In 1952, White was hired by Lady Bird Johnson (wife of then-Senator Lyndon B. Johnson) to be the primary architect overseeing the redesign and expansion of her Hill Country home near Johnson City, Texas, which would later be known as the "Texas White House" (now part of the Lyndon B. Johnson National Historical Park). In 1957, White was called back to design an expansion to the house for additional office space; after Johnson's election as vice president, in 1961 White redesigned the ranch's guest quarters to be more suitable for political visitors.
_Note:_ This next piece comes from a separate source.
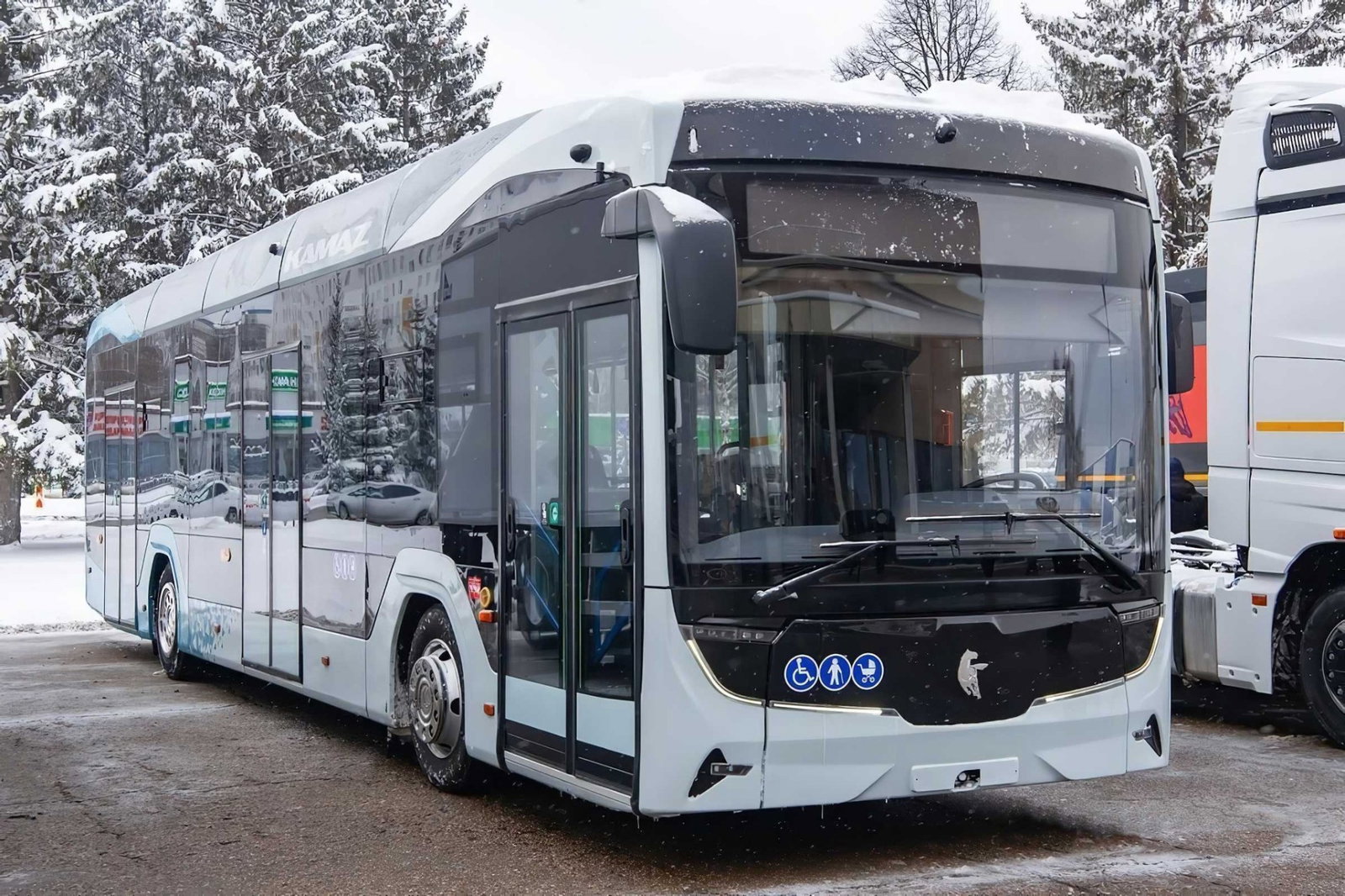 Rejtélyes prototípus autóbusz bukkant fel a KAMAZ decemberi sajtóeseményén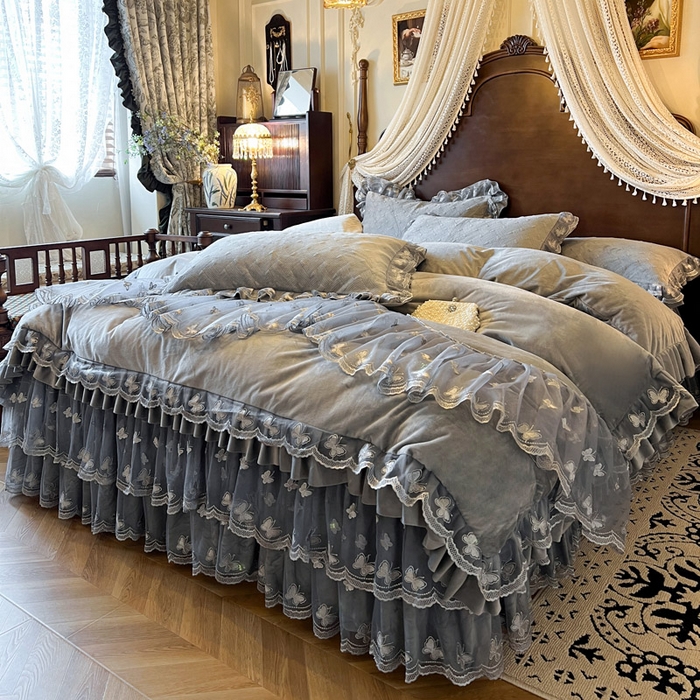 91家纺网 家纺一手货源 找家纺 瑞宝 2025新款宝宝绒夹棉床裙四件套-香奢丽影 香奢丽影-高级灰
After the end of Johnson's presidency, White oversaw the restoration of Johnson's childhood home in 1969–70 for the newly created Lyndon B. Johnson National Historic Site; he also developed the master plan for the adjoining Lyndon B. Johnson State Park and Historic Site and designed its Visitor Center and other buildings. By this point White had become a sort of personal family architect for the Johnsons, and he came to be described as one of Lady Bird's "life-long best friends."

==Visual arts==
Besides producing architectural sketches, White worked in two-dimensional art more generally. He was interested in the traditional log-and-limestone architecture used by early settlers of the Texas Hill Country, and he produced numerous sketches and watercolors of old farms and Central Texas landscapes. In his later life he exhibited some of these works, and they were gathered into two published collections, Limestone and Log and Hill Country Revisited.